De fait, incarner un elfe ou un nain dans une aventure de Midnight relève du défi (qu’on a envie de relever) : si les orques ne te repèrent pas, il y a de bonnes chances qu’un paysan te dénonce pour une bouchée de pain.
C’est chaud, n’est-ce pas ? On sort des univers classiques, aseptisés, et d’ailleurs, c’est tout un chapitre pour le Meneur qui est consacré à la gestion des thèmes durs et sombres. Après tout, avant de vivre une aventure qui commence par des violences sur des enfants d’esclaves halfelins, il vaut mieux savoir où on met les pieds, et clairement, je recommande Midnight l’Héritage des Ténèbres aux joueurs avertis (et adultes).
Ah, j’oubliais la soixantaine de pages consacrées au Dieu Noir, à ses Légats, à ses troupes, aux Forcenés et aux Orques et à toutes les créatures qu’on peut trouver en Eredane, et on a fait le tour de cet épais volume qui contient tout pour jouer dans cet univers.
Tout ? Non, pas tout malheureusement. Il manque un scénario – oui, c’est le scénariste en moi qui parle – mais pour être honnête, je ne vois pas comment il pourrait entrer dans ce volume de plus de 360 pages. Edge projette une sortie prochaine d’une campagne dans cet univers (qui fera visiter plusieurs régions, se confronter aux pires Légats d’Izrador et d’autres créatures qu’il vaut mieux ne pas déranger), mais avec le contenu du livre l’Héritage des Ténèbres, vous avez de quoi lancer des parties sans grande difficulté.
Mon avis ?
Vous l’avez sans doute compris : je suis conquis. On a un monde cohérent, vraiment riche et finalement très éloigné du “ Et si Sauron avait gagné “, même si par de nombreux côtés, on retrouve une low fantasy proche du Seigneur des Anneaux. C’est “ Et si Sauron avait gagné “ mais avec vingt ans de développement derrière.
C’est de la 5e, mais de la 5e revue et adaptée. Les lanceurs de sorts ne sont plus aussi courants (à ma table, ça ne se bat pas pour jouer un magicien), ni aussi puissants (finie la téléportation et l’invocation de monstres !). Moins de classes mais rendues héroïques par un système de Dons.
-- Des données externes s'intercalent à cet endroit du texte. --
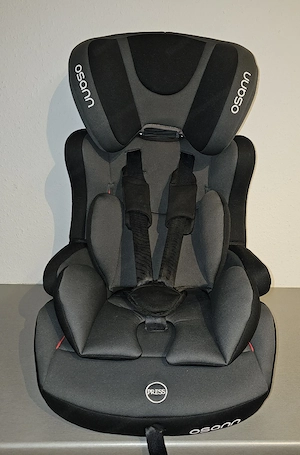 Autokindersitz kaum gebraucht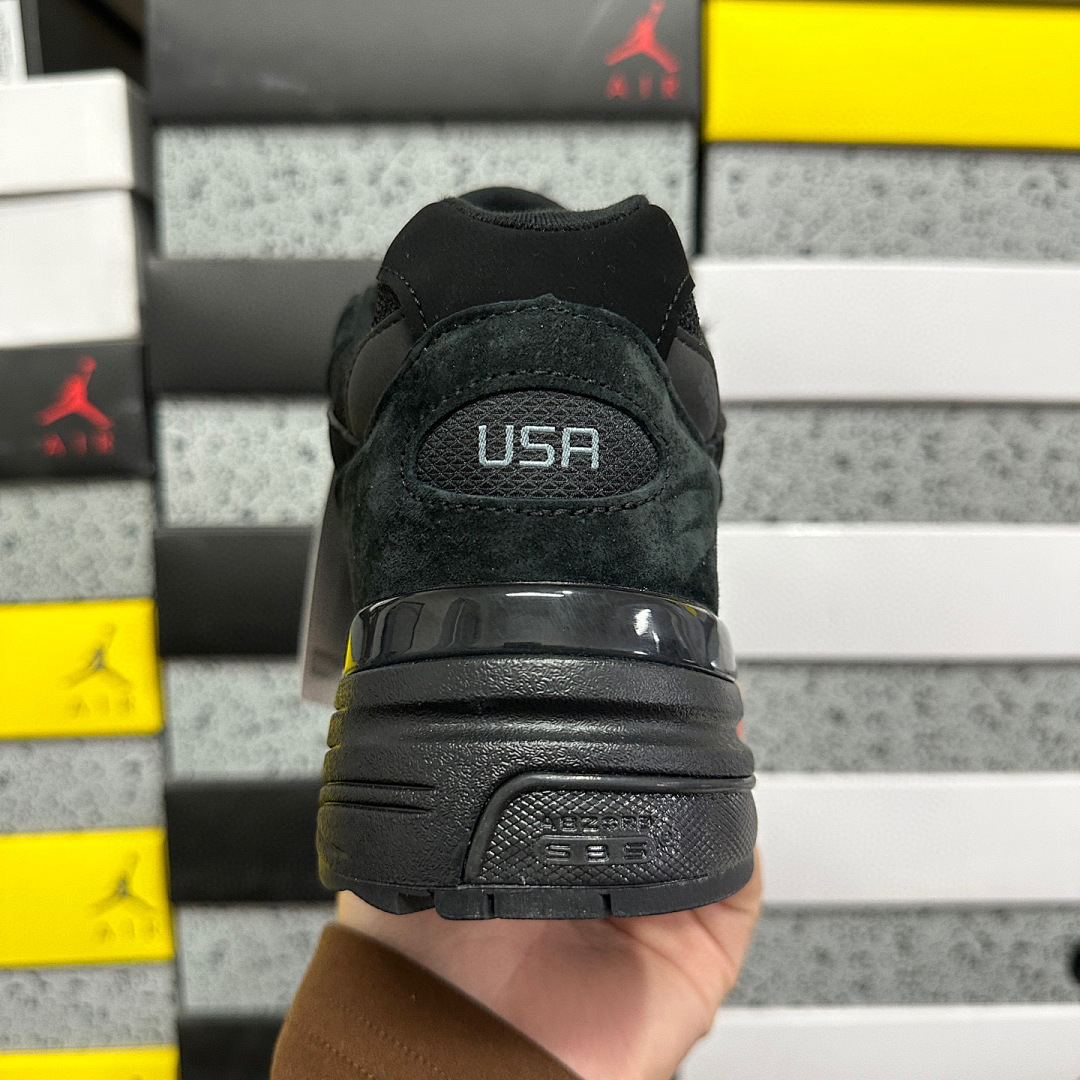 New Balance 992 (Triple Black) - Image 3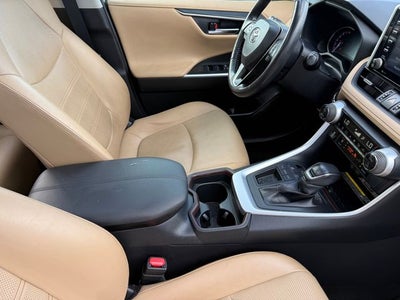 2020 Toyota RAV4 Limited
La maquette est magnifique, le texte est clair, bien organisé. On y trouve vraiment les outils pour mener dans cet univers, aussi bien côté joueur que meneur, et c’est 250 pages de fluff (de contenu de contexte)
Et le jeu encourage aux choix moraux, et ça j’adore. La mère dépenaillée qui t’a vu lancer un sort, tu sais qu’elle peut te dénoncer en échange de vivres pour sa famille. Et si tu la tues, elle se relèvera en Forcenée (et pourra quand même te dénoncer puisqu’elle aura quelques souvenirs encore) pour aller bouffer ses enfants.
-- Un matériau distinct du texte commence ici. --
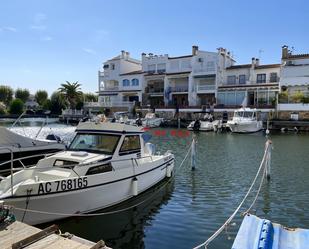 Vista exterior de Garatge en venda en Empuriabrava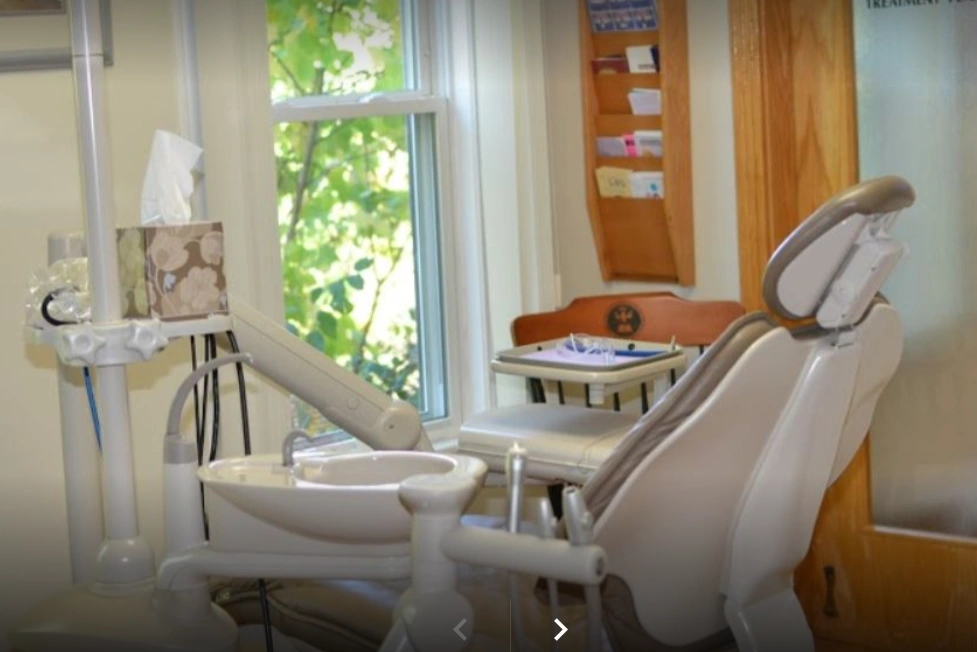 Dr. Butt's Orthodontics - Marshfield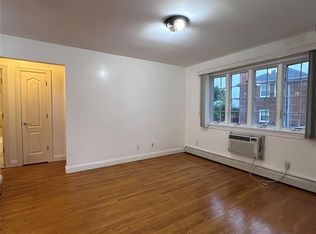 147-39 19th Ave, Whitestone, NY 11357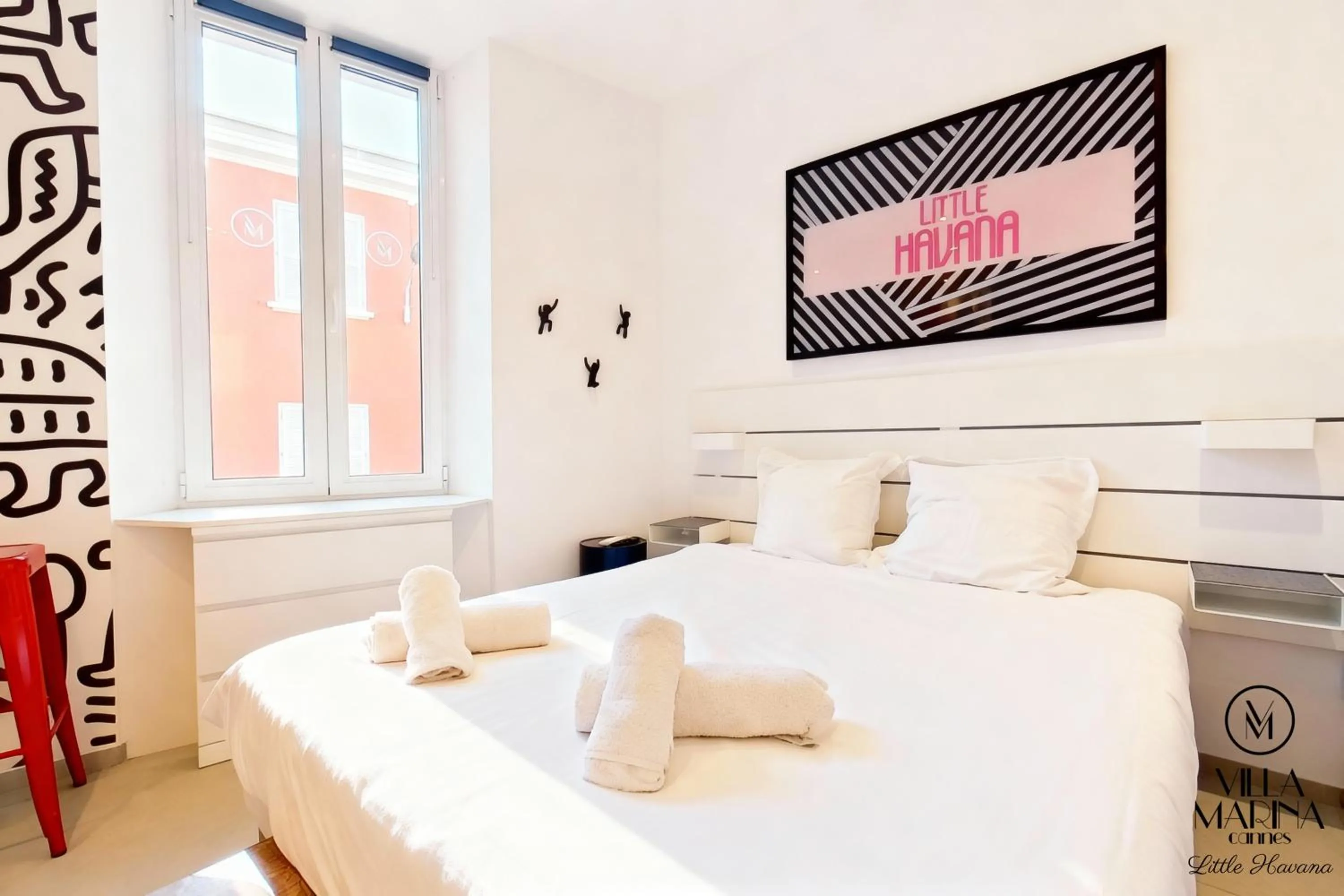 Bed in VILLA MARINA CANNES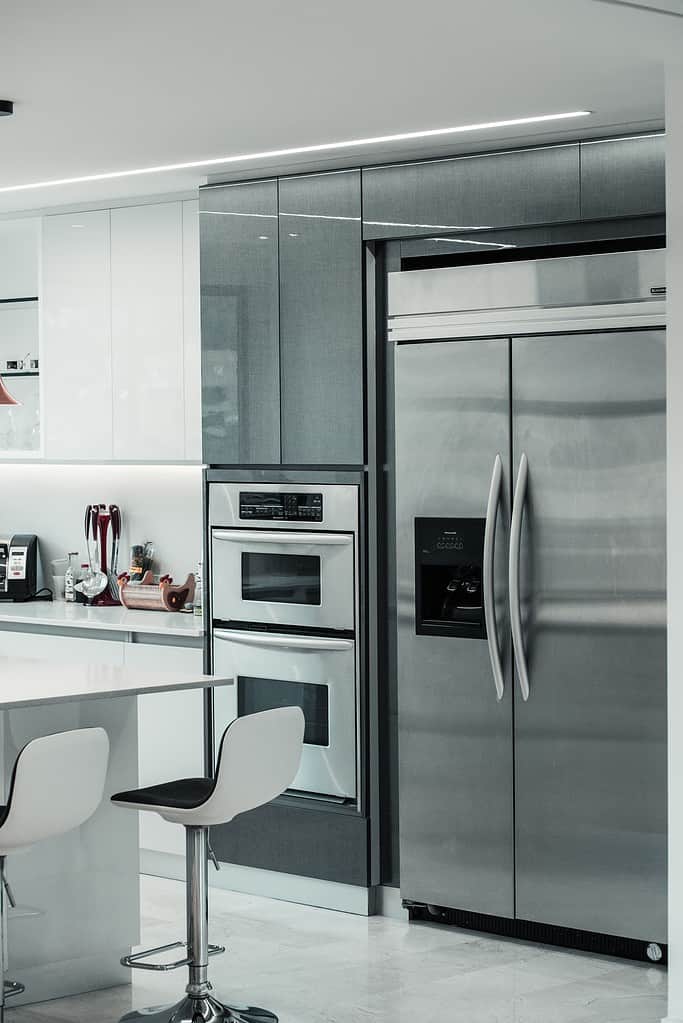 Kitchen cabinet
Alors ? C’est à ton tour de jouer. Que fais-tu ?
~Orion⭐
Ca donne envie ! Je crois que j’ai la v3.5 de Midnight au fond d’un carton. Jamais ouvert car comme toi, les rumeurs ne m’avait pas emballé. Par contre ta description de ce nouveau Midnight rebat un peu les cartes ! Faudra que je regarde ça, même si le côté DD5e ne m’intéresse pas spécialement.